Garey Clark of Clark Pest Control couldn’t find evidence of live or dead bed bugs but said it is very possible for bed bugs to be transferred through the use of used mattress materials.
Thomas defended her claim that the mattresses were new. “I tell [customers] they’re new because that’s the best of my knowledge. I’m not going to say they’re refurbished if I don’t know that they are,” said Thomas.
But outside the factory that supplies Mattress 4 Sale stores, CBS Atlanta found piles of used mattresses.
Owner Kamal Shelbayah told CBS Atlanta reporter Jeff Chirico that he reuses old parts to make mattresses he calls “rebuilts.”
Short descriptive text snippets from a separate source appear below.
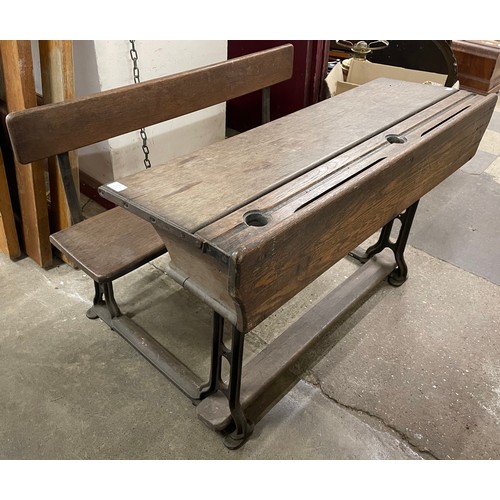 309 - A Victorian cast iron and oak school desk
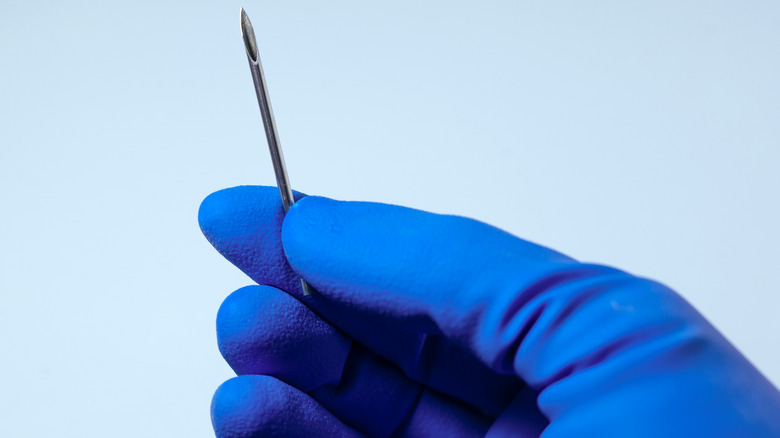 A gloved hand holding a piercing needle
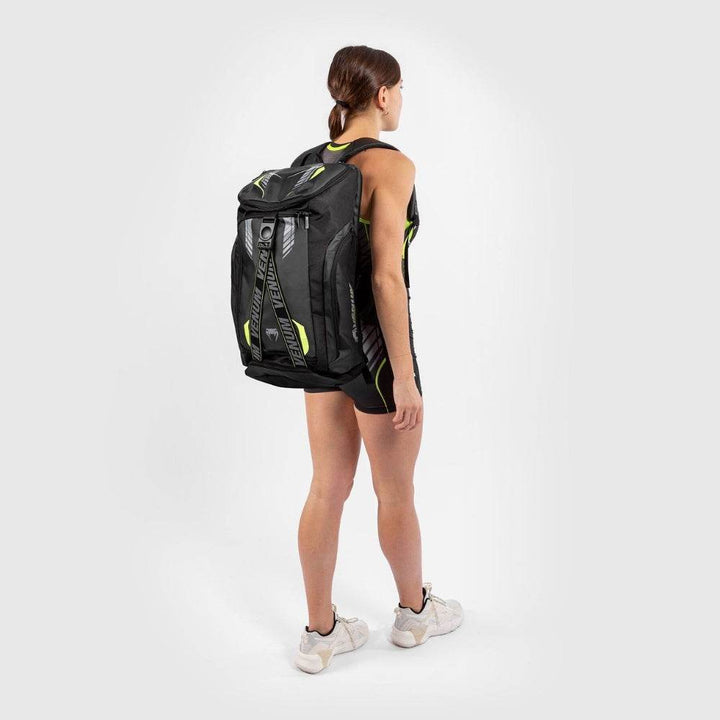 Woman wearing the Venum backpack, showcasing its full size and athletic fit against a training outfit.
Georgia law allows the reuse and resale of mattress parts. Bill Cloud, spokesman for the Governor’s Office of Consumer Protection, said state laws regulating the used mattress industry were repealed in 1996. Part of the repealed laws required mattress manufacturers to sanitize used parts before reusing them.
“As a legislator, I’m appalled at that,” said State Representative Ralph Long III who represents the district in Southwest Atlanta where the mattress factory is located
“People deserve to know what’s inside their mattresses. This is unacceptable,” said Long.
CBS Atlanta’s findings prompted Long to call a meeting with Shelbayah.
“I’m embarrassed to have this in my district,” said Long to Shelbayah. “I saw something I do not want my children sleeping on.”
Shelbayah defended his business. “I don’t sell new mattresses. I sell rebuilt mattress. I manufacture rebuilt mattresses,” said Shelbayah during the meeting. Shelbayah said he is helping those who can’t afford expensive new mattresses by offering rebuilt mattresses at a cheaper price.
While giving CBS Atlanta a tour of his facility, Shelbayah explained how he uses old parts and new material to create rebuilt beds. He said the old parts are sanitized before they’re used.
Shelbayah denied that he or his salespeople are trying to pass the mattresses off as new.
However, the mattresses CBS Atlanta purchased do not have the federally-required tags indicating the beds contain used materials.
Rep. Long said he will introduce legislation to regulate the industry.